Existe una teoría popular sin demostrar que culpabiliza del autismo a los restos de mercurio de la vacuna triple vírica (contra el sarampión, las paperas y la rubeola), que normalmente se les pone a los niños a los 13 meses. Pero también hay otros muchos posibles culpables. Los investigadores de la Universidad de California en Davis acaban de lanzar un importante estudio epidemiológico que analizará los tejidos de niños autistas y sanos en busca no sólo de residuos de mercurio, sino también de PCBs (binefilos policlorados), benceno y otros metales pesados. Se parte de la idea de que algunos niños podrían ser más susceptibles genéticamente que otros al daño de estos agentes, y por tanto el estudio mediría también otras variedades genéticas, cómo por ejemplo cómo metabolizan estos niños el colesterol y otros lípidos.

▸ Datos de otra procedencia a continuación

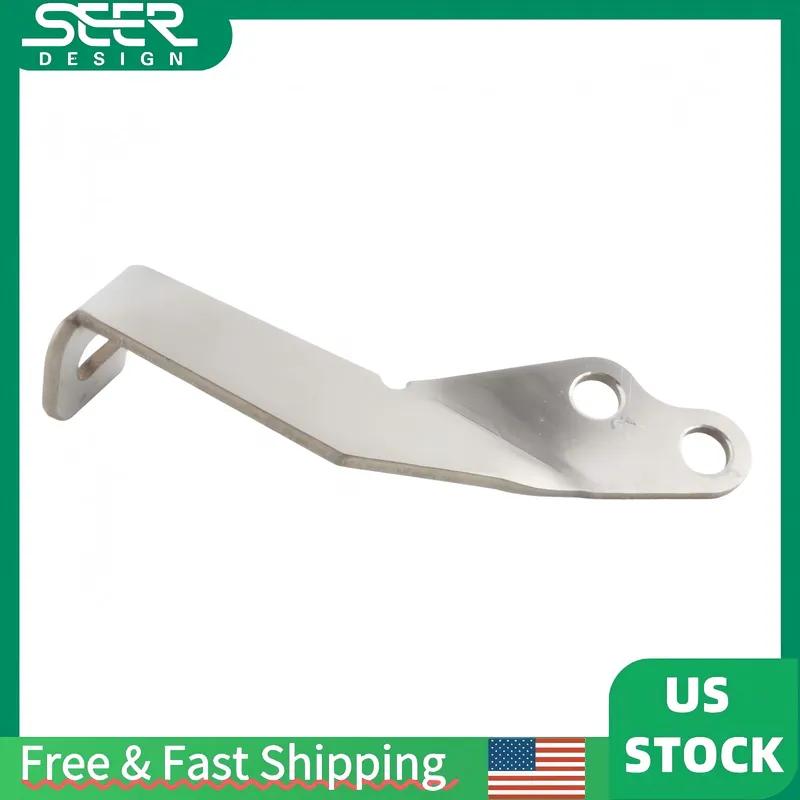 Throttle Body Cable Bracket Engine Swap For Honda Civic Integra Type R B16 B18 Car Accessories Shipping from US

De aquí a una década, es casi seguro que habrá formas más efectivas de intervención terapéutica, tal vez incluso medicamentos contra el autismo. "Los genes" como observa Cook, de la Universidad de Chicago, "te ofrecen objetivos, y una vez conocemos los objetivos somos bastante buenos en elaborar medicamentos".

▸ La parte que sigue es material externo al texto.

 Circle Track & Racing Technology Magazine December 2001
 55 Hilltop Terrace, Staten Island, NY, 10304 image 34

Paradójicamente, lo que resulta horrible para los autistas —y que afecta a los más jóvenes— es también un motivo de esperanza. Como las conexiones neuronales de los niños se establecen mediante la experiencia, los ejercicios mentales bien orientados tienen el potencial de marcar la diferencia. De hecho, una de las grandes cuestiones todavía sin resolver es por qué el 25% de los niños que parecen sufrir un autismo total se beneficia enormemente de una terapia intensiva del habla y de técnicas de comunicación, mientras que el 75% no responde a ella. ¿Es que el cerebro de estos últimos presenta daños irreversibles?, se pregunta Geraldine Dawson, directora del Centro del Autismo de la Universidad de Washington. ¿O es que no se está tratando debidamente el problema fundamental?

Cuanto más ahondan los científicos en estas cuestiones, más les parece encontrarse delante de las piezas de un rompecabezas similar a los segmentos interconectados de los juguetes de Tommy Barrett. Si las piezas se montan de determinada manera, tenemos un niño sano. Si se colocan de otra, sale un niño con autismo. Y mientras observamos a Tommy transformando un tren en un robot o un robot en un tren, nos viene enseguida una idea. ¿Será posible que mediante un hábil juego de manos se pueda manipular incluso los cerebros más profundamente autistas hasta recuperarlos por completo? ¿Podría ser que un niño embelesado por el proceso de transformación llegue a convertirse en el científico que consiga averiguar cuál es el truco?